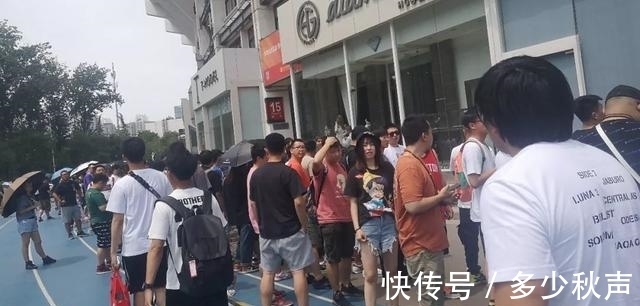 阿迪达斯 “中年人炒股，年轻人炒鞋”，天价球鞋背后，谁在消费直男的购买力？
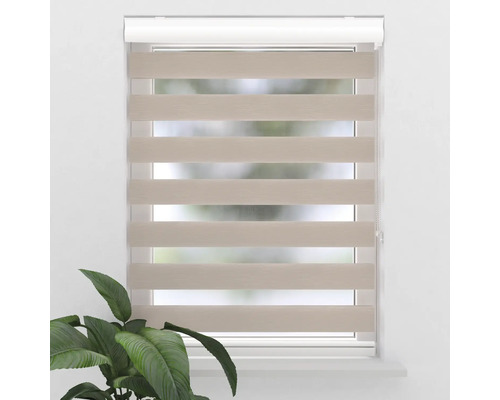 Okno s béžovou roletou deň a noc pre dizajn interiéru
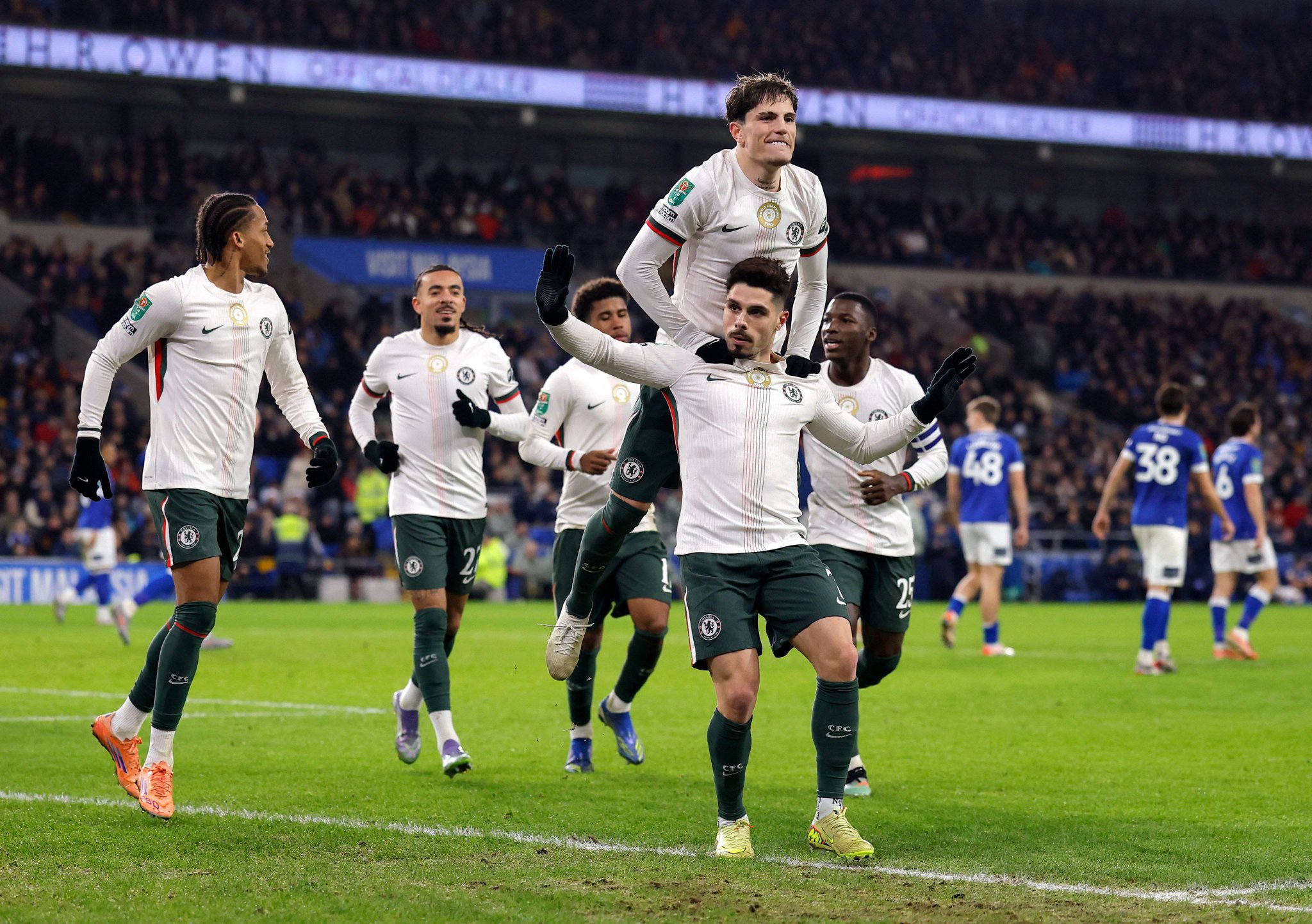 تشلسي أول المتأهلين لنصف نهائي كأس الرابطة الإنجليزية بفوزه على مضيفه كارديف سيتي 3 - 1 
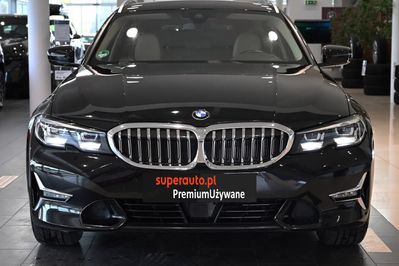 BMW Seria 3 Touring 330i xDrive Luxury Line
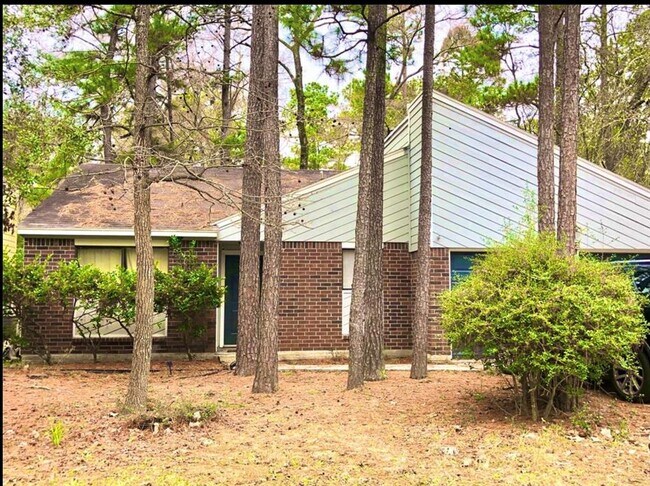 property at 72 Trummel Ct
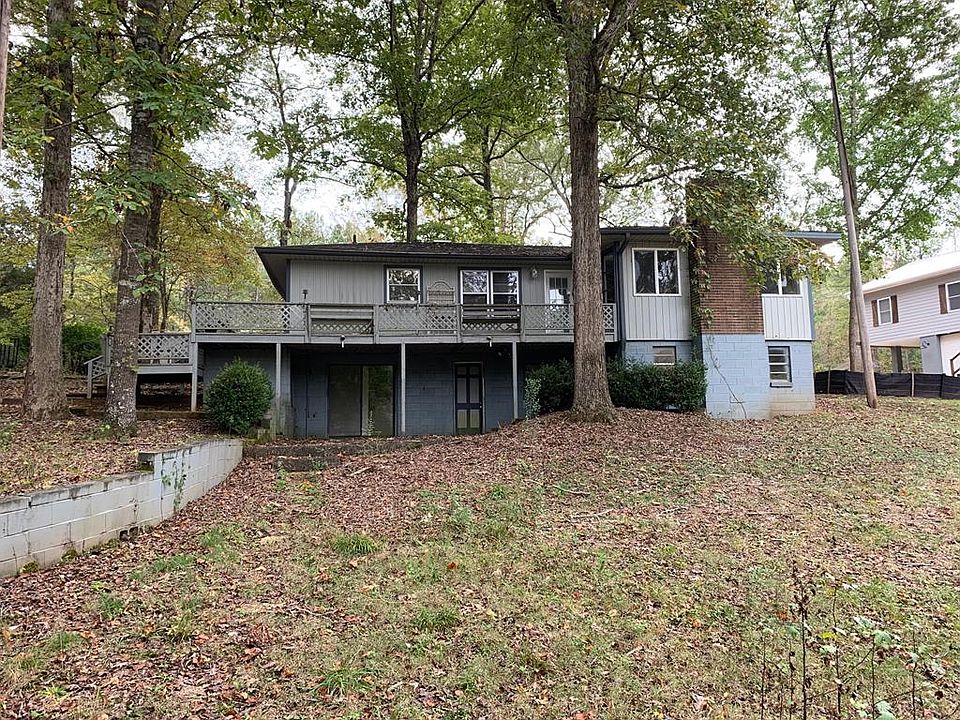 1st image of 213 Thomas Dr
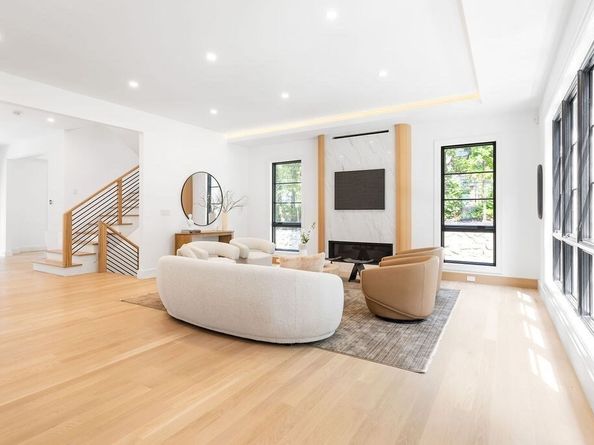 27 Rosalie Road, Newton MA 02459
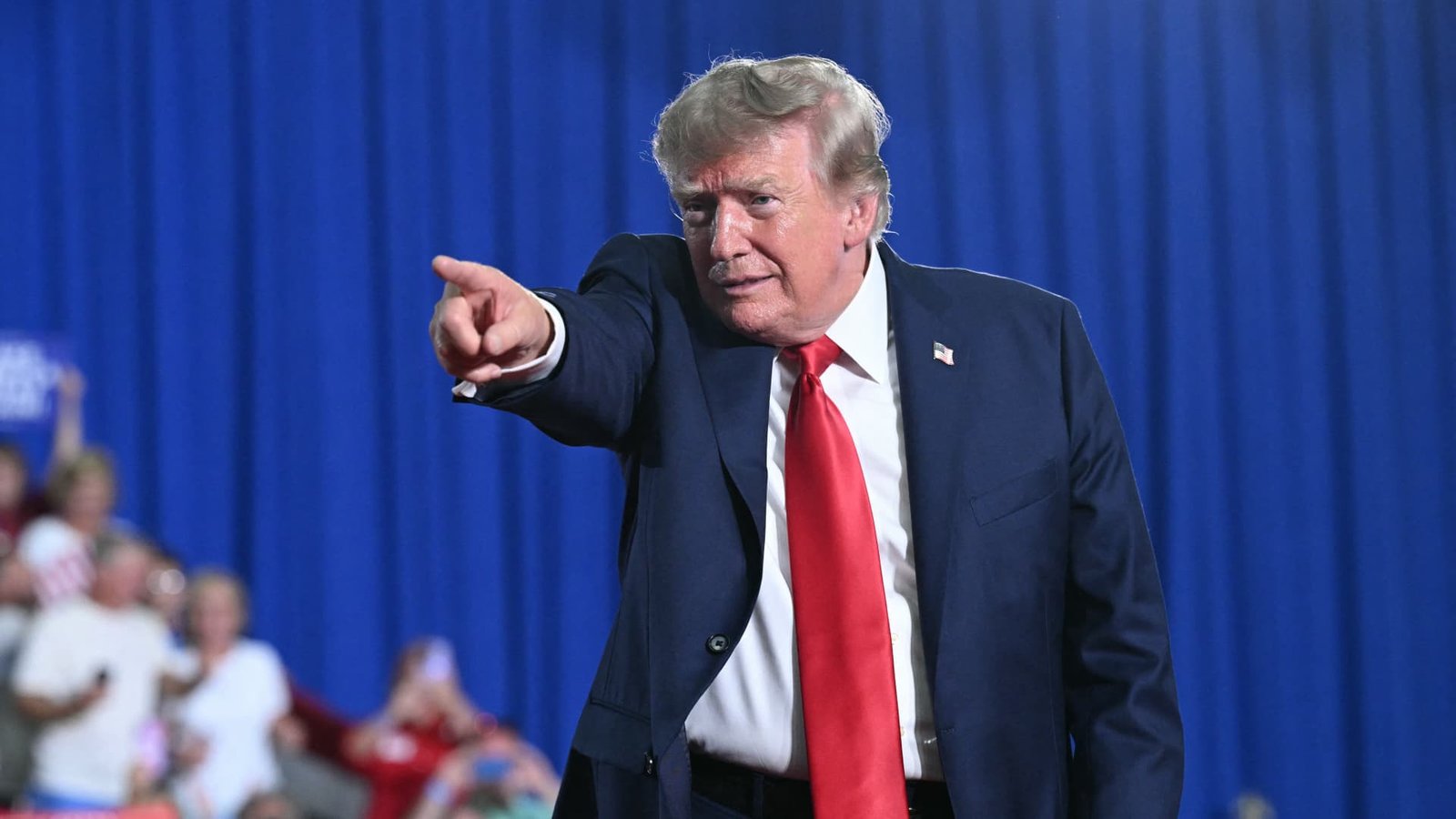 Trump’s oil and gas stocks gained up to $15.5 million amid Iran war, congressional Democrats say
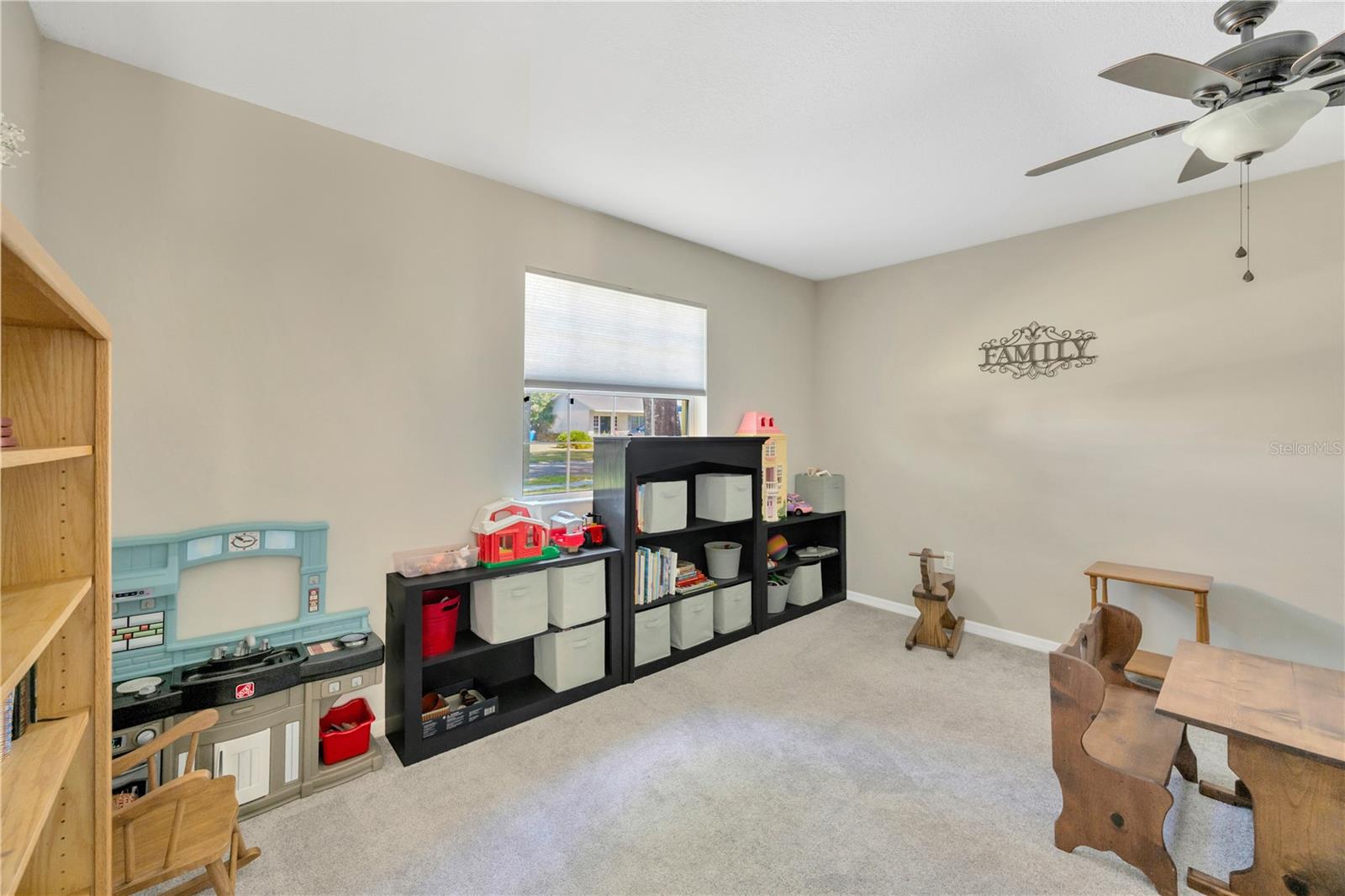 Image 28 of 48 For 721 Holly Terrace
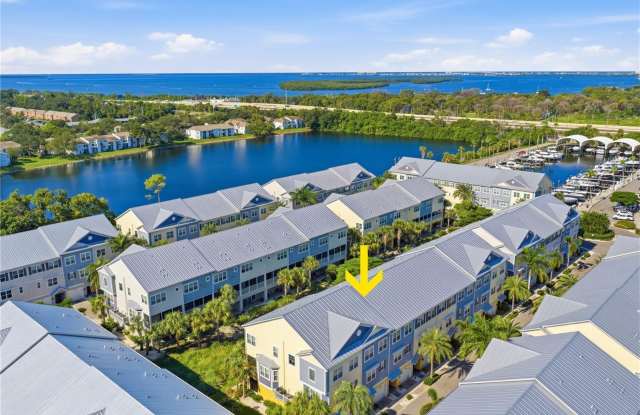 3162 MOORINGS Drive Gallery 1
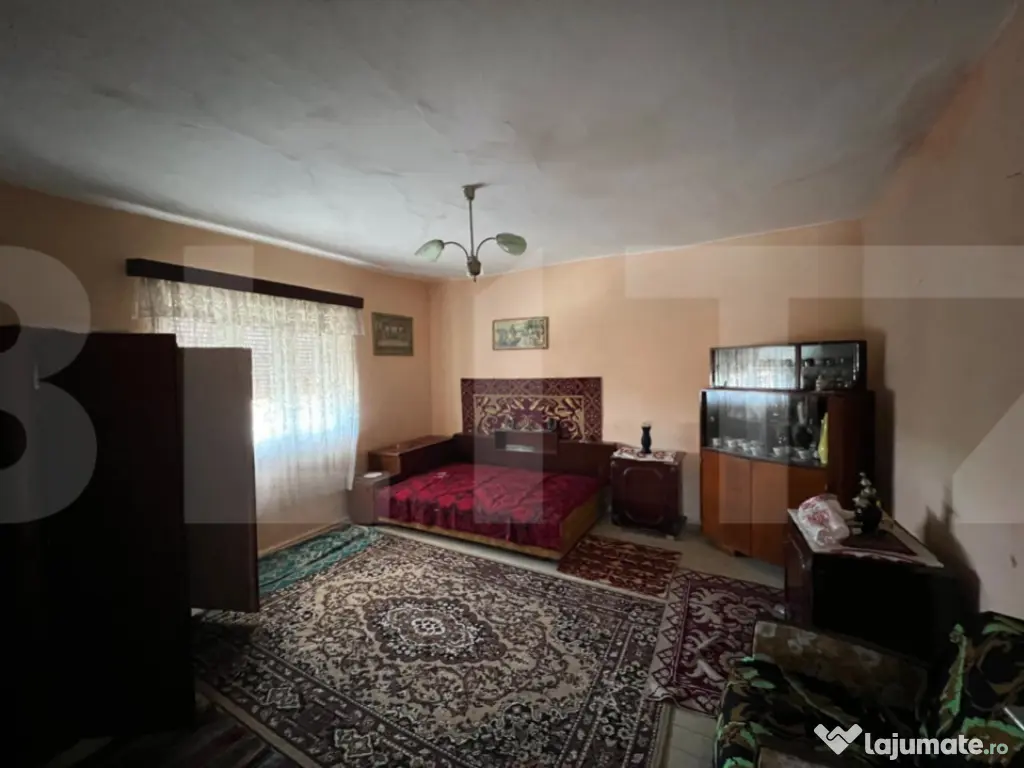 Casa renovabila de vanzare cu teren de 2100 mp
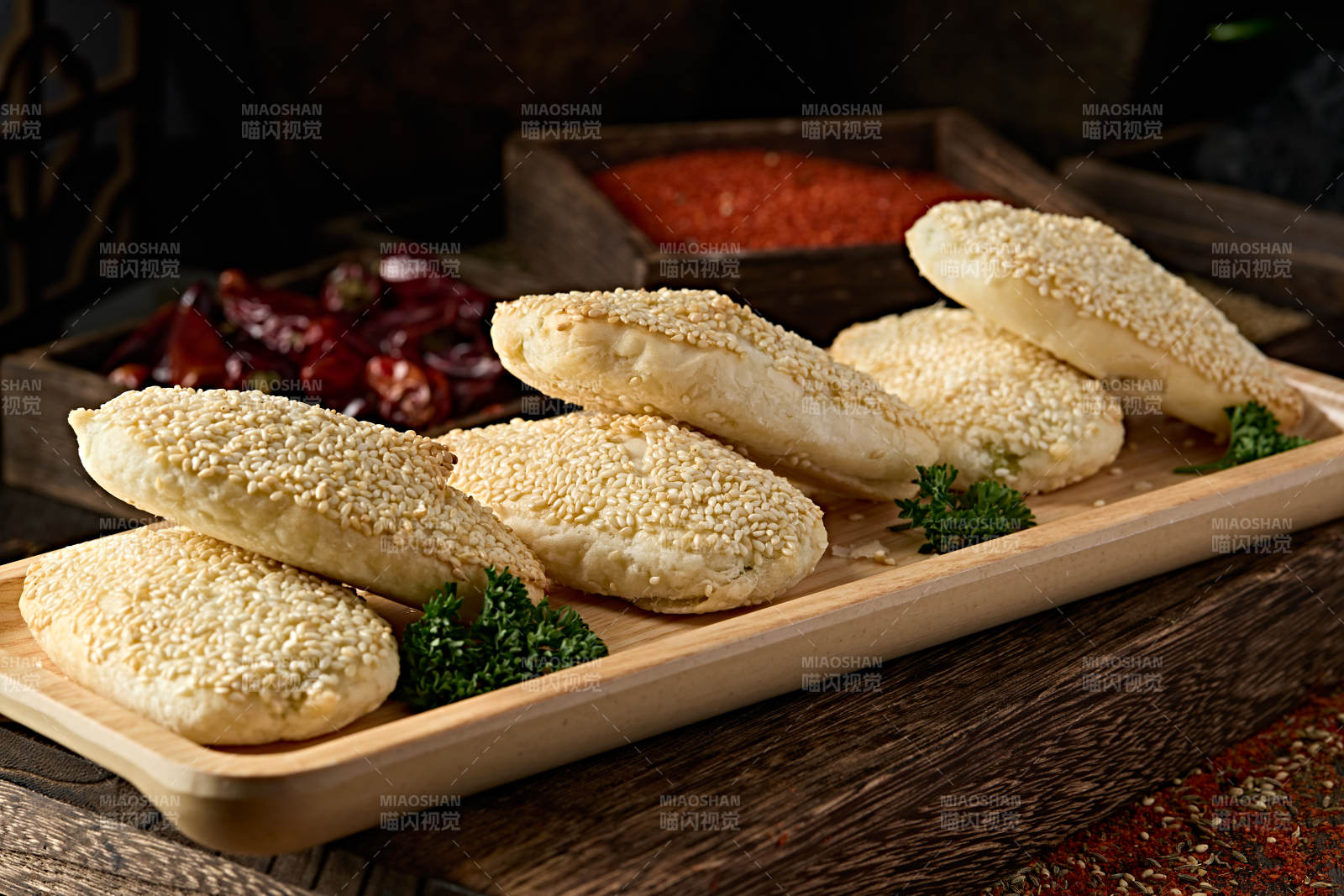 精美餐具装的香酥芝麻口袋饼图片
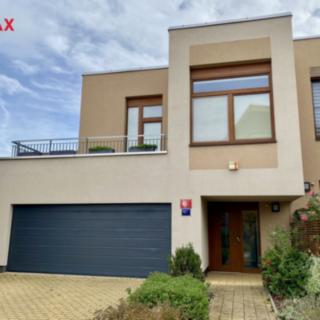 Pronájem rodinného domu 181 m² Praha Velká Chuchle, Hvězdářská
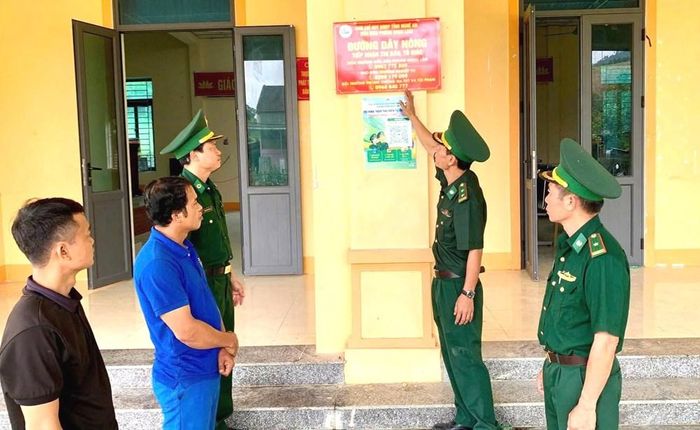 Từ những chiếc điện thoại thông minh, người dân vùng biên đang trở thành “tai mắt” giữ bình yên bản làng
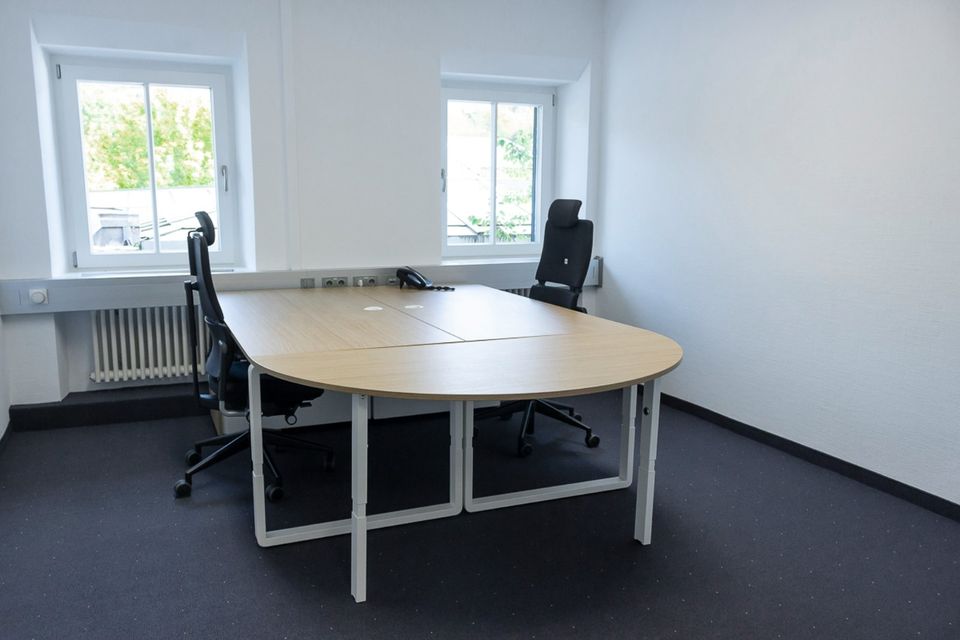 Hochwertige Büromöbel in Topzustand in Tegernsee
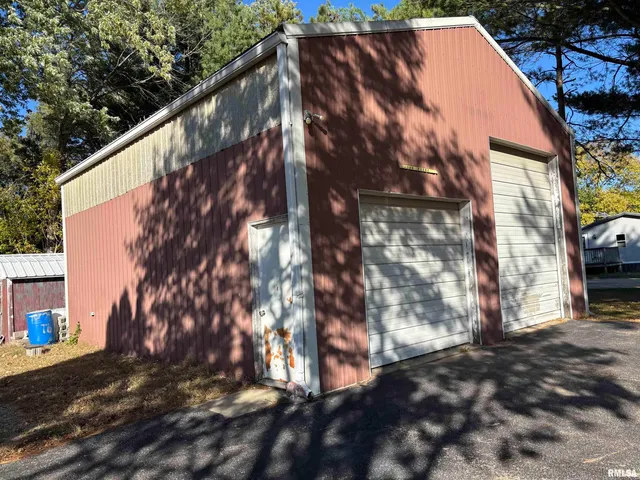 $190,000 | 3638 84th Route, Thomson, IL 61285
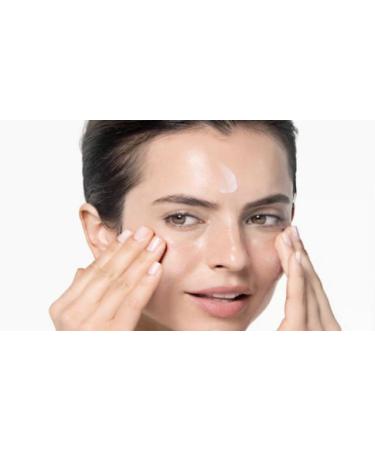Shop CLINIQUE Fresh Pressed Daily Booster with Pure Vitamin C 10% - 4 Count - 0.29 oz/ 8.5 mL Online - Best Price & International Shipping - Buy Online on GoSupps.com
____________________
_What you are asked to do_.
With pictures omitted, repeat the entries above word for word from the line holding "تشلسي أول المتأهلين" down to the line holding "3162 MOORINGS Drive Gallery 1", keeping both of those lines.

_Completed exercise_.
 تشلسي أول المتأهلين لنصف نهائي كأس الرابطة الإنجليزية بفوزه على مضيفه كارديف سيتي 3 - 1 
 BMW Seria 3 Touring 330i xDrive Luxury Line
 property at 72 Trummel Ct
 1st image of 213 Thomas Dr
 27 Rosalie Road, Newton MA 02459
 Trump’s oil and gas stocks gained up to $15.5 million amid Iran war, congressional Democrats say
 Image 28 of 48 For 721 Holly Terrace
 3162 MOORINGS Drive Gallery 1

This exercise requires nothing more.